Exploratory Investigation of a Sample Dataset
While we started off our project a bit backwards (by launching Compass) we have since returned to a more R&D focused mentality with part of the team. As a starting point we need a better understanding of the extent and limitations of the data set, the hand annotations, and to figure out how much data cleaning is required.
We are sharing our experiences, not as a template to be followed, but rather as an honest representation of our R&D efforts.
- Deciding about data structure in order to store documents and related labels in a single variable
- Initial work on identifying the descriptive statistics of a sample dataset
- Number of documents: 13359
Sampling method : random sampling of 1000 cases with each of the following labels:
"Family Law", "Bankruptcy", “Criminal Law", "Administrative Law", "Damages", "Damage Awards", "Guarantee and Indemnity", "Income Tax”, "Indians, Inuit and Metis", "Injunctions", "Master and Servant", "Motor Vehicles", "Municipal Law", "Quebec Family", "Real Property", "Workers' Compensation", "Food and Drug Control", "Common Law” , "Contracts", "Actions", "Aliens"
Although the search has been done with 20 topics, the total number of documents is less than 20K, since classes have overlap and more than one topic is assigned to each document. Headnotes are removed from the documents.
Section 1: Comparing various data structures in python
Comparing the following candidates for the data structure used to store the sample dataset in a single variable which relates labels and documents:
- Combinations of list, dictionaries and tuples
- Panda dataframes
Reviewing the features of above-mentioned data structures in python and implementing example cases.
Panda dataframe seems to be a good choice, at least in the experiment phase, because it is:
- Fast, flexible, and expressive
- Designed to work with “relational” or “labeled” data
- Easy to integrate within a scientific computing environment with numpy and easy to visualize
- Easy to group, split or filter by specifications of items
- Easy to add new attributes of a class or remove the unused ones
- Easy to convert to excel, figure or html as a table
Panda dataframes can be understood as a simple table which organizes the information about a single topic into rows and columns. Each row is basically all the attributes (columns) related to one item. Defining a dataframe is very similar to designing a table where one aims to present a relational or labeled dataset.

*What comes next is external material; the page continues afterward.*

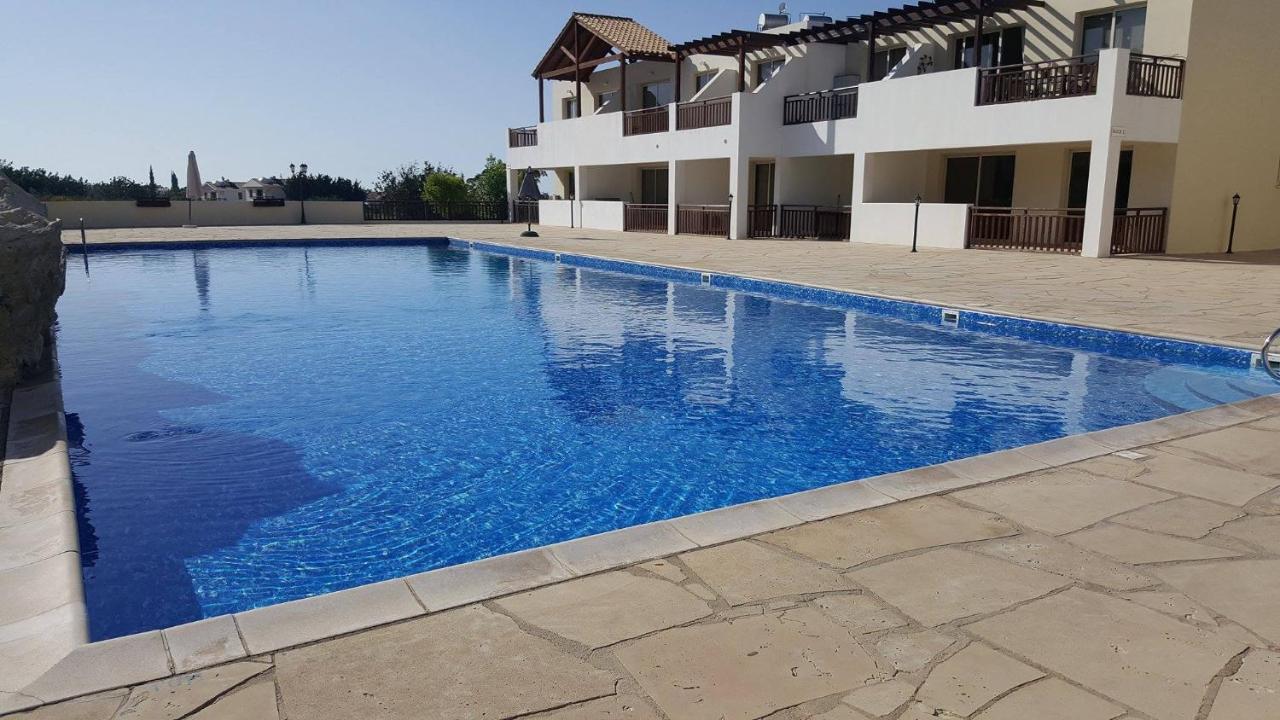Ground Floor One Bedroom Apartment, Vanessa Complex Peyia Extérieur photo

Section 2: Storing a sample dataset of documents in panda dataframes
- Flexible and intuitive relation between each single label present in the dataset and all the documents with that label
- Initial work on identifying the descriptive statistics of a sample dataset stored in panda dataframes
Two panda dataframes are formed, which are summarized in Table 1. The original sample dataset is stored in json format. The dataframe, ‘data’, is directly transformed from list of dictionaries that is loaded by reading the json document. Each row of this dataframe represents a single document. Columns of this dataframe include:
- id of the document, which is the filename of the original document
- text of the document
- topics that the document is annotated with
- topic that was used to acquire this document in the sampling process.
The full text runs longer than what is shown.